The underlying incident
SPAC's warning is not abstract. On 13 and 14 April, pilots belonging to Vereinigung Cockpit (VC) — the German pilots' union — struck against Lufthansa over pay and access to supplementary pensions. During the strike, Lufthansa unilaterally and without notice terminated a standing 2018 agreement with VC that allowed pilots to be partially seconded from flying duties to union safety work — a long-standing arrangement common across European carriers.
The International Federation of Air Line Pilots' Associations (IFALPA) reacted publicly, framing the termination as a restriction on legitimate union activity. SPAC is picking up that thread and asking the Portuguese government to read it as evidence about Lufthansa's labour management culture.
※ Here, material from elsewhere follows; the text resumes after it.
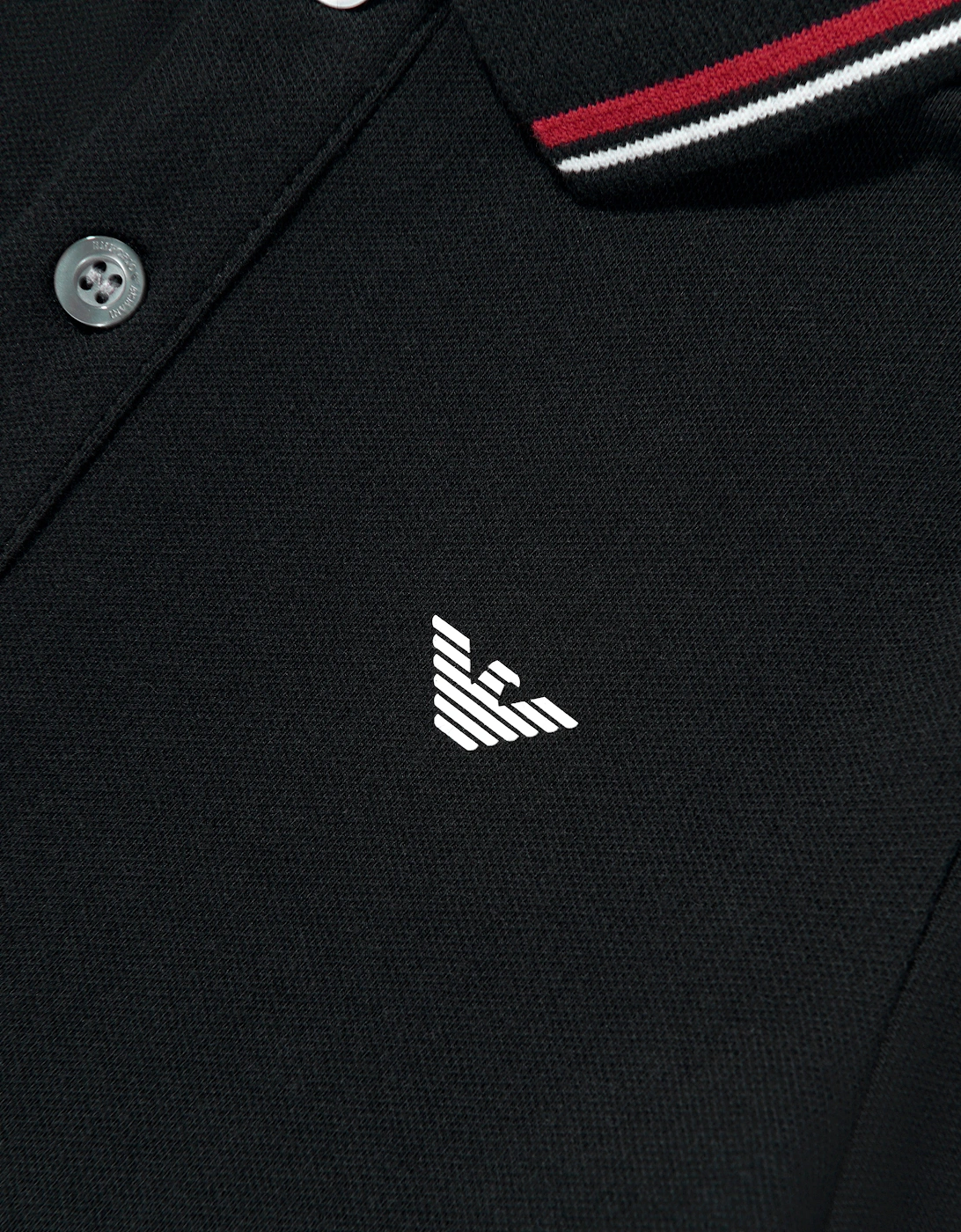 Boys Logo Polo Shirt in Black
Where this fits in the privatization
The TAP privatization process accelerated in April. IAG — the British Airways / Iberia group that had been considered one of three plausible buyers — publicly walked away from the process on 18 April, leaving two bidders standing: Lufthansa and Air France-KLM. Air France-KLM submitted its non-binding offer to Parpública, the state holding agent, on 2 April. Lufthansa entered the process shortly after and has publicly floated the idea of establishing a pilot school in Portugal — potentially open to NATO member states — as part of its pitch.
The government is selling up to 49.9% of TAP: 44.9% to private investors and 5% reserved for employees. TAP operates roughly 100 aircraft and employs around 7,700 staff, of whom about 1,200 are pilots. The two remaining bidders have very different operating models and, as SPAC now wants the government to acknowledge, very different track records in labour relations.
The political chemistry
Air France-KLM has pitched Lisbon as its exclusive hub for Southern Europe. Lufthansa has signalled it would integrate TAP into an existing hub network, treating Lisbon as a feeder rather than a primary base. From the Portuguese state's perspective, the first model preserves more of TAP's long-haul identity — and more of its domestic employment base.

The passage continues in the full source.